[TASK OBJECTIVE]: Once you reach the line with "serotonin creation Gut" in the material below, copy each line exactly up to and including the line with "DreamWorks Trolls Band", and skip the pictures.

[RECORDS FOR PROCESSING]:
*** Block opens ***

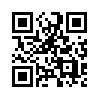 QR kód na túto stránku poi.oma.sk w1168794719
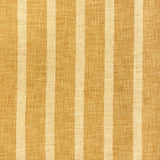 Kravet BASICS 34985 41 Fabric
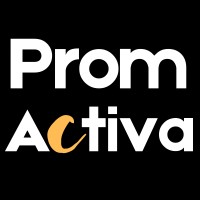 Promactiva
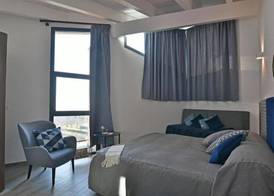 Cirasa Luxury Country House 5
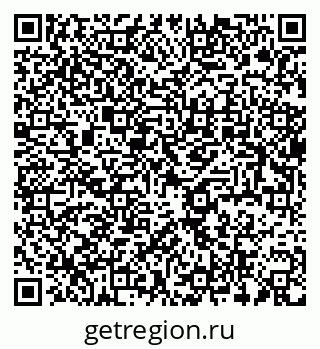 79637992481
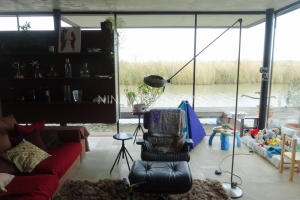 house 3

*** Block closes ***
*** Block opens ***

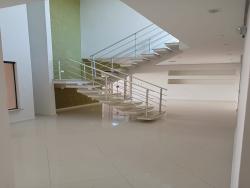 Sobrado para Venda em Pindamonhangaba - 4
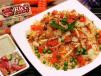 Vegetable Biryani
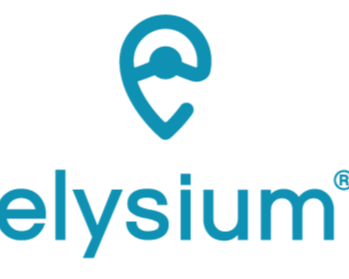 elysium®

*** Block closes ***
*** Block opens ***

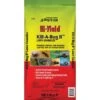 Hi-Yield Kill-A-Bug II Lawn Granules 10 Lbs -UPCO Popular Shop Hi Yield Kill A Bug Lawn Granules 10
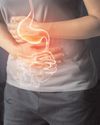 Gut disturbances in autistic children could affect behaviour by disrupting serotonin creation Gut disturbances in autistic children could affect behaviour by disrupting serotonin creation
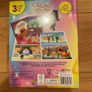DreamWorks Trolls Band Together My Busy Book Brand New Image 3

*** Block closes ***

[SOLUTION]:
 Gut disturbances in autistic children could affect behaviour by disrupting serotonin creation Gut disturbances in autistic children could affect behaviour by disrupting serotonin creation
DreamWorks Trolls Band Together My Busy Book Brand New Image 3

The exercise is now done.